We’ve had our differences over the years with 5th District Congressman Doug Lamborn — to put it mildly — but the idea that he should be kept off the ballot over a legal requirement that tramples on the rights of registered voters who signed a petition in good faith is not only ludicrous, it’s outrageous.
That’s why we’re pleased that U.S. District Court Judge Philip Brimmer on Tuesday concluded that a residency requirement for petition circulators was unjustified and ordered the state to certify Lamborn for the ballot.
There is no question Lamborn’s campaign collected enough signatures to qualify the six-term congressman for the Republican primary in June. After a line-by-line inspection, Colorado Secretary of State Wayne Williams certified 1,269 valid signatures of Republicans registered in the 5th District — well in excess of the 1,000 Lamborn needed. But political gamesmanship immediately reared its head in a dispute over whether several of the petition circulators were residents of Colorado.
A state district court concluded one was not and the supreme court followed by ruling against a second, leaving Lamborn 58 signatures short of the threshold and effectively throwing him off the ballot.
This result might have been justified if the residency requirement were critical to the integrity of the petition process and to preventing fraud and abuse. Yet whatever the original merits of the residency rule, it is now superfluous given the evolution of signature checking, as the judge explained.
No less important, the mandate undermines basic constitutional rights.
The rule is superfluous because the secretary of state, not those gathering signatures, functions as the linchpin in ensuring the validity of signatures. And that office now leaves nothing to chance: It checks all petition signatures against a statewide voter database.
For that matter, if petition integrity is the concern, why would anyone suppose non-state petition circulators are more likely to engage in fraud than residents? Brimmer pointedly observed, “Courts have found that the frequency of fraud by in-state and out-of-state circulators is the same.”
The judge also pointed out that the U.S. Tenth Circuit Court of Appeals in Denver has recognized that “petition circulation is core political speech, because it involves interactive communication concerning political change.” Restricting such speech for anything less than a compelling state interest surely is unconstitutional.

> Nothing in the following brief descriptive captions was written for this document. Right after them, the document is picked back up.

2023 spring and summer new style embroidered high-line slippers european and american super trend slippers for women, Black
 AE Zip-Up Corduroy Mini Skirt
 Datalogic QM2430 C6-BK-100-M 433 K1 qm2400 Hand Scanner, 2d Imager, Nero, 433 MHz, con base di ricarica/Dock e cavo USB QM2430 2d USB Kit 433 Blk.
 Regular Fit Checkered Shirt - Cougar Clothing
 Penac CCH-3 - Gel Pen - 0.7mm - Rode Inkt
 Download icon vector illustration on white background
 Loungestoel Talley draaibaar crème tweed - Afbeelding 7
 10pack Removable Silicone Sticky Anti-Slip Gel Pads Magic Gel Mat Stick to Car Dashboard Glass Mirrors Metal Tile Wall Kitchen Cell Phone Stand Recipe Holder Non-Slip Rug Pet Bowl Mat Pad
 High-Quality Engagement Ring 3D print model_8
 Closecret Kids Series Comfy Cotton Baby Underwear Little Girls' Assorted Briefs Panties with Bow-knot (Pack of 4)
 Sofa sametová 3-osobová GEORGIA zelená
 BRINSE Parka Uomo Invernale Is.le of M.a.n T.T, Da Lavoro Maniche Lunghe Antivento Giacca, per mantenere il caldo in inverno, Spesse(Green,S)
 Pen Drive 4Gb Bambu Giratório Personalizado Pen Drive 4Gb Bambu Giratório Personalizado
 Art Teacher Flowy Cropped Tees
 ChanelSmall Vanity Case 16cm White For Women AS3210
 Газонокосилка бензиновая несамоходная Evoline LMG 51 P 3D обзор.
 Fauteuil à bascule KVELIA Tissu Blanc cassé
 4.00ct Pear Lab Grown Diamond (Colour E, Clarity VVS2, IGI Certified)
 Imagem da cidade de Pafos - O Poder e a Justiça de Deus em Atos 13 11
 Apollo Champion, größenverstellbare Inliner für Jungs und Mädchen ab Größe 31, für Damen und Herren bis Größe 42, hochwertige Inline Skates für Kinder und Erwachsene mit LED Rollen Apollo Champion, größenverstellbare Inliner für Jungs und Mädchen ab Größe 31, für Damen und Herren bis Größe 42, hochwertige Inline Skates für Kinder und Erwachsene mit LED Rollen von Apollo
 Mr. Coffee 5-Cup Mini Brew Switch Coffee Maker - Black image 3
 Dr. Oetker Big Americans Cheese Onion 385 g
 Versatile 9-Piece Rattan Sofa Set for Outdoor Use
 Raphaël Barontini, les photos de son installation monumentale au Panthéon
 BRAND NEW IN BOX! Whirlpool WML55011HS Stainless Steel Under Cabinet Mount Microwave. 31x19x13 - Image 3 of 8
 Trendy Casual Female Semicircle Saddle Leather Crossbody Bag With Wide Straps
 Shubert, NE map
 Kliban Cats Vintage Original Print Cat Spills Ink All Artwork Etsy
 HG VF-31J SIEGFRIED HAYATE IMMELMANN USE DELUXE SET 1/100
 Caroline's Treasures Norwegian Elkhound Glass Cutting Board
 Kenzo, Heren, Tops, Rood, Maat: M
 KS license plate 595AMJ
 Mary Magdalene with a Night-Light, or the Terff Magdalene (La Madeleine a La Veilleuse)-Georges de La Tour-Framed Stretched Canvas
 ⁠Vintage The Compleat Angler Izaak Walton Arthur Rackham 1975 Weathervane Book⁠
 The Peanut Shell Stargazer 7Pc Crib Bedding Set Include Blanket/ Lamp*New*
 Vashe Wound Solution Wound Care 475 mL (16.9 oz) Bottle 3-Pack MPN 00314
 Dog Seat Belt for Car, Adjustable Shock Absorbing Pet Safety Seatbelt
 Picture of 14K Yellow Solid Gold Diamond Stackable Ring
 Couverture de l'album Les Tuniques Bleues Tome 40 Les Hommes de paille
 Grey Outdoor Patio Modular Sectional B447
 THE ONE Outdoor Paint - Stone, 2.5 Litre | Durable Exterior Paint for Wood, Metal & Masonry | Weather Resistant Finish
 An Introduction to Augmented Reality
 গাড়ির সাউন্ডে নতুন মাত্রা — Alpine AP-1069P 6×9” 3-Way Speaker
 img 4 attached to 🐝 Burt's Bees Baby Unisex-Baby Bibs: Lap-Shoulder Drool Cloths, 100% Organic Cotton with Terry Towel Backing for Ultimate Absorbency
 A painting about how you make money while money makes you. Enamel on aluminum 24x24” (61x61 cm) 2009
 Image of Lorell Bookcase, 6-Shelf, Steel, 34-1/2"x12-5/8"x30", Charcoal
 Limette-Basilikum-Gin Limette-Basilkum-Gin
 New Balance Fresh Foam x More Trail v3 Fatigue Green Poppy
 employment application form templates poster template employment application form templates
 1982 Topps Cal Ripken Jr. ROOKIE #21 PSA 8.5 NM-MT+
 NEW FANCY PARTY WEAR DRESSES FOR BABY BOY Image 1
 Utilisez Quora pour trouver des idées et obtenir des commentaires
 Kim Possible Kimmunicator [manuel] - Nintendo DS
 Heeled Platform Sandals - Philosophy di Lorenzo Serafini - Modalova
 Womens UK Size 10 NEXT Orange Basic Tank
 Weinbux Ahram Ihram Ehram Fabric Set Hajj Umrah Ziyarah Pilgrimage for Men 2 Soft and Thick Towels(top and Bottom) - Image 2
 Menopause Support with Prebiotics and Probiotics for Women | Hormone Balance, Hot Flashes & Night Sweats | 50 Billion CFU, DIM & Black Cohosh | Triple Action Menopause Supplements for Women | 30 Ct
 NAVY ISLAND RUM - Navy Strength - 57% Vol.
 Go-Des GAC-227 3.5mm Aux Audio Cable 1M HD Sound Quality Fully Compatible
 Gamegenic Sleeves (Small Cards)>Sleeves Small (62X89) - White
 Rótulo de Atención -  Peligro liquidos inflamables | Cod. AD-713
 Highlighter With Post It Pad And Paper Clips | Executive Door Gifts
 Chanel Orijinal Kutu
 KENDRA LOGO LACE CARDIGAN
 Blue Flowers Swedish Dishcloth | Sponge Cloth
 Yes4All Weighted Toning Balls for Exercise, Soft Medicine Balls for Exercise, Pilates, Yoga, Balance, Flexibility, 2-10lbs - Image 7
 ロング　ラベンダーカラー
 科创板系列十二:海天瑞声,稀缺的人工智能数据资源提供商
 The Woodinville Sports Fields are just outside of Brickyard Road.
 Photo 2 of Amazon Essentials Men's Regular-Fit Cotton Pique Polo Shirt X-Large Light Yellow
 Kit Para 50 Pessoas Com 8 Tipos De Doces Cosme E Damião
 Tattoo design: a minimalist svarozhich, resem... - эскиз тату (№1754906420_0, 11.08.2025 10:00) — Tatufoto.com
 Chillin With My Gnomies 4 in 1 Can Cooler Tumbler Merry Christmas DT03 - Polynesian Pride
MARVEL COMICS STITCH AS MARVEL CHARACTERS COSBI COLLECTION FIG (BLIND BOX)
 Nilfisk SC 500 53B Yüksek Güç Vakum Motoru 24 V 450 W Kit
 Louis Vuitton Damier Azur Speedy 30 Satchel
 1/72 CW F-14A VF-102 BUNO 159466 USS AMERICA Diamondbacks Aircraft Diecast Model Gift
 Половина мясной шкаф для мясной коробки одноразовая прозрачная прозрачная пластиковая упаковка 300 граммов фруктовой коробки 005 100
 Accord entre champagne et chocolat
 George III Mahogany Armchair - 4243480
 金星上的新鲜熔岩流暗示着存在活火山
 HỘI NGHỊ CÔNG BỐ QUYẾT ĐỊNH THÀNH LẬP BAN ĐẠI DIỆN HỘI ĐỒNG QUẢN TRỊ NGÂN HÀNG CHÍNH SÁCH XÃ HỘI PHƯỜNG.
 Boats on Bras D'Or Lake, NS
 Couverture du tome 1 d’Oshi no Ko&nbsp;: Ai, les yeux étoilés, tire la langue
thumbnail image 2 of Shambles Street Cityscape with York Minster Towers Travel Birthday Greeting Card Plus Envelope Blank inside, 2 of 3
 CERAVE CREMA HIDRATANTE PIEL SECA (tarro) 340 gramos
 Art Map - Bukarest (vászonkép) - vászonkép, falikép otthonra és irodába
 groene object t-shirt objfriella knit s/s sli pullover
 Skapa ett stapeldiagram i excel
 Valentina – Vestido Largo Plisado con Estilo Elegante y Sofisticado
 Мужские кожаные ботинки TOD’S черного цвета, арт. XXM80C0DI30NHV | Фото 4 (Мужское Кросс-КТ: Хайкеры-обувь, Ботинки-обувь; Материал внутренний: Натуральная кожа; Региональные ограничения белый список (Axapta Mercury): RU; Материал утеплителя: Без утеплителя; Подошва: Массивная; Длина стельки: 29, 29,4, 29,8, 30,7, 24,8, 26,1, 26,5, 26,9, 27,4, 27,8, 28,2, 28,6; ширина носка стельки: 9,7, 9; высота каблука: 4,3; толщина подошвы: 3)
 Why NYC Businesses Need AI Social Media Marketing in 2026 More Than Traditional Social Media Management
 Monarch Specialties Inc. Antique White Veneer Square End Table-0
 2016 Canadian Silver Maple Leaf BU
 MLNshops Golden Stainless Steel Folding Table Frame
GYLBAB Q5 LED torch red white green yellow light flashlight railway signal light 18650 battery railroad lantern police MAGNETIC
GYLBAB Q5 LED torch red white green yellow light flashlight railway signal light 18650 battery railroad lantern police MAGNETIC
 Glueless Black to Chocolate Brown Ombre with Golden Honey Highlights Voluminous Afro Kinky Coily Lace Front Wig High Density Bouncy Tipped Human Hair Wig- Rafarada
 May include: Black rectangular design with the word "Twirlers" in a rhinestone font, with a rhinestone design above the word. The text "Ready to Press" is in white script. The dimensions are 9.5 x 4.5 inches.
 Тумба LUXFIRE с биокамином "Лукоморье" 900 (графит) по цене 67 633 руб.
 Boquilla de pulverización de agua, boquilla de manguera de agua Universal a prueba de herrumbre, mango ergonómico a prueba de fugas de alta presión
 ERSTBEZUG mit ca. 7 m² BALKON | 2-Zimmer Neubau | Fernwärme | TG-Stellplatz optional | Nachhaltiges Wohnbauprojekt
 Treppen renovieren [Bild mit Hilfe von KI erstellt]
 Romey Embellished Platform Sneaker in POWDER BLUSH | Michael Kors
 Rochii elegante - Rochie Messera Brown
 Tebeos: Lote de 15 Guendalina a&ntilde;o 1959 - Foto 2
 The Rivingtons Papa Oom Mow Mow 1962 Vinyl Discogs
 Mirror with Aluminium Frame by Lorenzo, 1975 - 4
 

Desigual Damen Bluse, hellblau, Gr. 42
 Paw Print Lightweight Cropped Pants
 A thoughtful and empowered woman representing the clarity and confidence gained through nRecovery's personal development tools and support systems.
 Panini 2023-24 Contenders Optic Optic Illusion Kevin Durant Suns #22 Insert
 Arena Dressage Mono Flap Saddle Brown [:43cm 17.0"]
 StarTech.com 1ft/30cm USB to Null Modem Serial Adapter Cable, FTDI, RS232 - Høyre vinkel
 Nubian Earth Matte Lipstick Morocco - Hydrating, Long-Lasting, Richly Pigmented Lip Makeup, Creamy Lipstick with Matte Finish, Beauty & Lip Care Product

Naturally, those signing the petition must be registered voters residing in the district where the candidate plans to run since the whole point of signatures is to demonstrate meaningful local support. But petition circulators are not part of that equation. Indeed, they are usually hired, and any enthusiasm they have for the candidate is purely accidental. No doubt that is why Brimmer has joined a majority of federal courts in ruling against residency rules for petition circulators, including a Tenth Circuit opinion involving non-partisan ballot measures.
And the damage to free speech goes further. Not only had the residency rule nullified the speech of hundreds of registered Republicans who signed a petition to place Lamborn on the ballot, it threatened, as Lamborn’s motion for a preliminary injunction maintained, to “deny all Republican and unaffiliated voters in the district the opportunity to re-elect a Congressman who has represented the District since 2006. It is hard to imagine a more serious violation of the core First Amendment right of political association.”
And it is hard to imagine a more fitting statute for a judge to reject.